"""
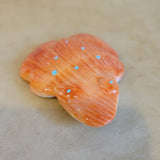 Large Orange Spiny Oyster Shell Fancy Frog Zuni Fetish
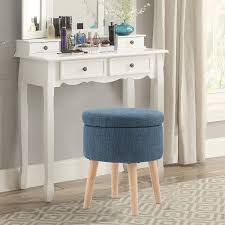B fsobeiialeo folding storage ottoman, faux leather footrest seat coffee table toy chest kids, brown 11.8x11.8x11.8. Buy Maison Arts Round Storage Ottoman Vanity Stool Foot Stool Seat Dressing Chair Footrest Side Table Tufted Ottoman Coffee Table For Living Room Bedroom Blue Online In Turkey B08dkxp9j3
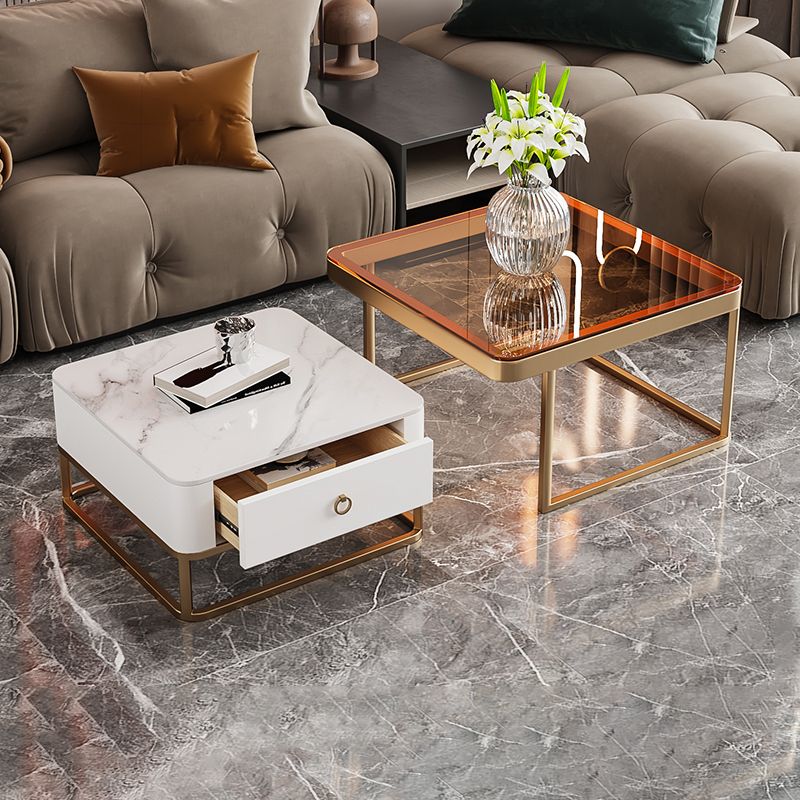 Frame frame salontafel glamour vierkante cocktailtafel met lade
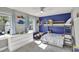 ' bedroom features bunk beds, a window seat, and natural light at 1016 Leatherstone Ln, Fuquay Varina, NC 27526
"""
Problem to work on » Reproduce the preceding material exactly, skipping pictures.

Written reply »
 Large Orange Spiny Oyster Shell Fancy Frog Zuni Fetish
B fsobeiialeo folding storage ottoman, faux leather footrest seat coffee table toy chest kids, brown 11.8x11.8x11.8. Buy Maison Arts Round Storage Ottoman Vanity Stool Foot Stool Seat Dressing Chair Footrest Side Table Tufted Ottoman Coffee Table For Living Room Bedroom Blue Online In Turkey B08dkxp9j3
 Frame frame salontafel glamour vierkante cocktailtafel met lade
 ' bedroom features bunk beds, a window seat, and natural light at 1016 Leatherstone Ln, Fuquay Varina, NC 27526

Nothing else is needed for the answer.